### DATA SECTION

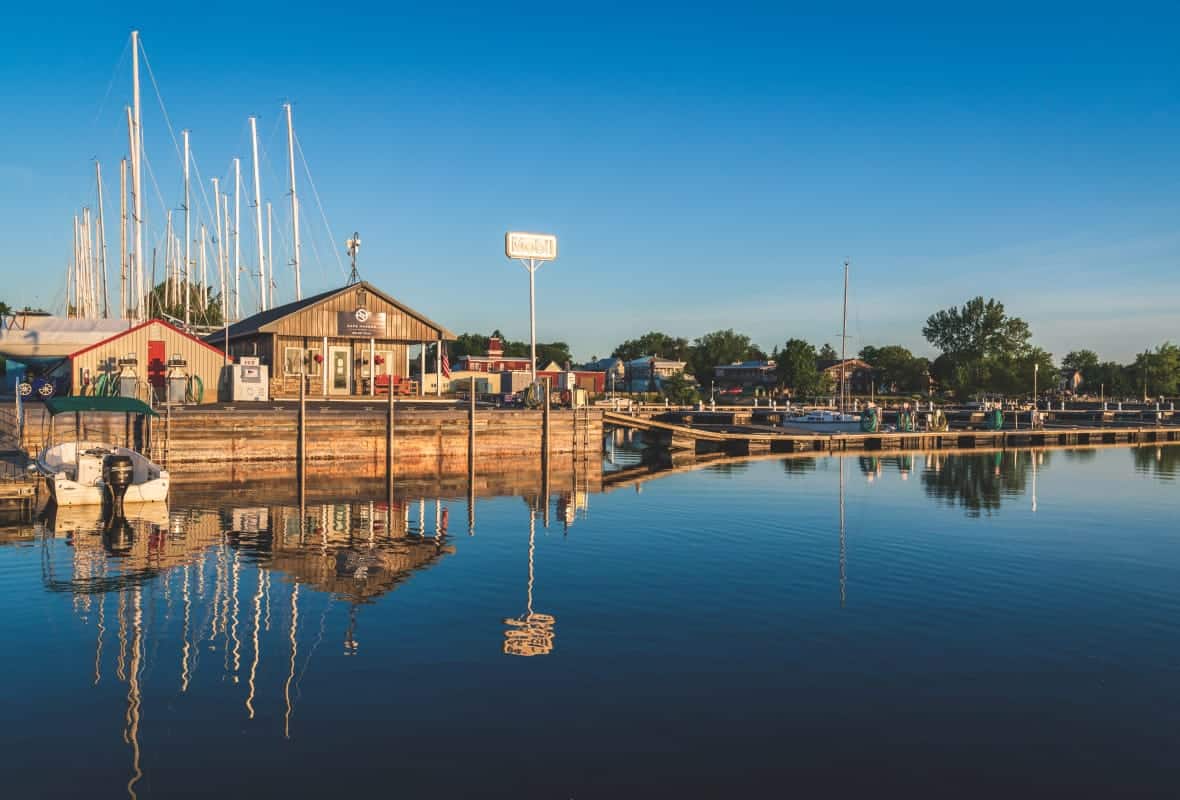 small wood building on calm water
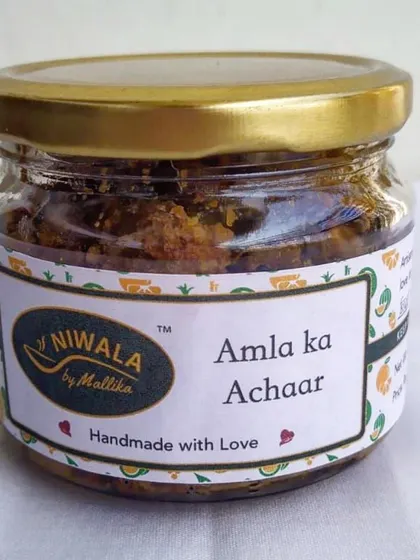 A fresh jar of my Amla ka Achaar, made with Indian gooseberry, green chili, ginger, and jaggery. It is a lip-smacking pickle that is both healthy and incredibly tasty.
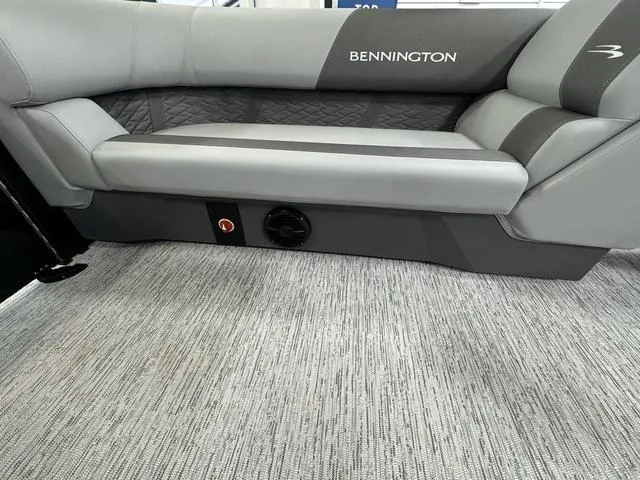 Slide: The Image of 2025 Bennington 22 SSR boat interior with sleek gray seating and modern design. - 20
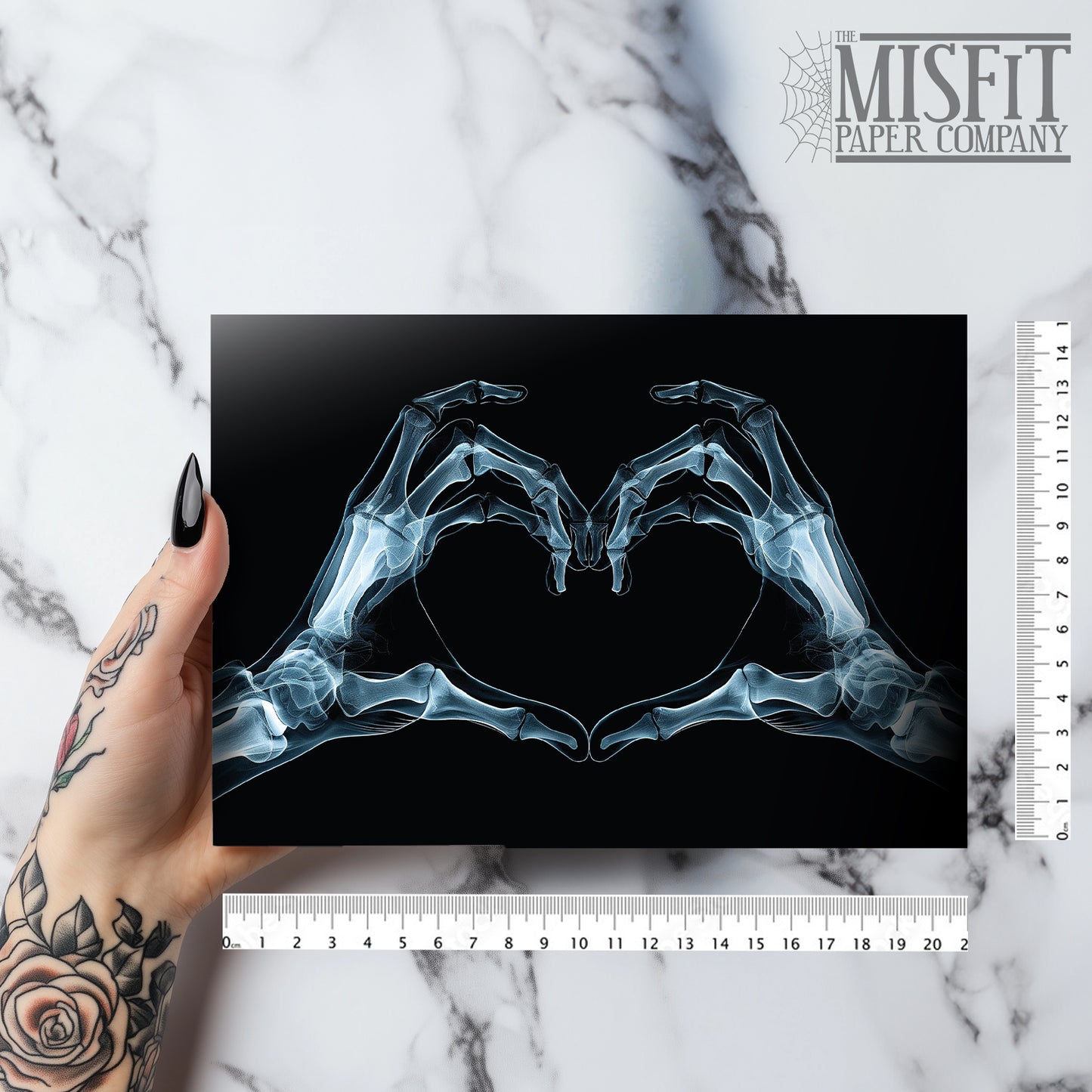 Large A5 gothic greeting card with a skeleton X-ray image of two hands forming a heart on a glossy black background. Blank inside, with envelope included. Ideal for alternative Valentine’s Day, anniversaries, or dark romance gestures.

######

* [YOUR GOAL]: Everything in the listing except the pictures must come back exactly as written.

* [ANSWER SECTION]:
 small wood building on calm water
 A fresh jar of my Amla ka Achaar, made with Indian gooseberry, green chili, ginger, and jaggery. It is a lip-smacking pickle that is both healthy and incredibly tasty.
 Slide: The Image of 2025 Bennington 22 SSR boat interior with sleek gray seating and modern design. - 20
 Large A5 gothic greeting card with a skeleton X-ray image of two hands forming a heart on a glossy black background. Blank inside, with envelope included. Ideal for alternative Valentine’s Day, anniversaries, or dark romance gestures.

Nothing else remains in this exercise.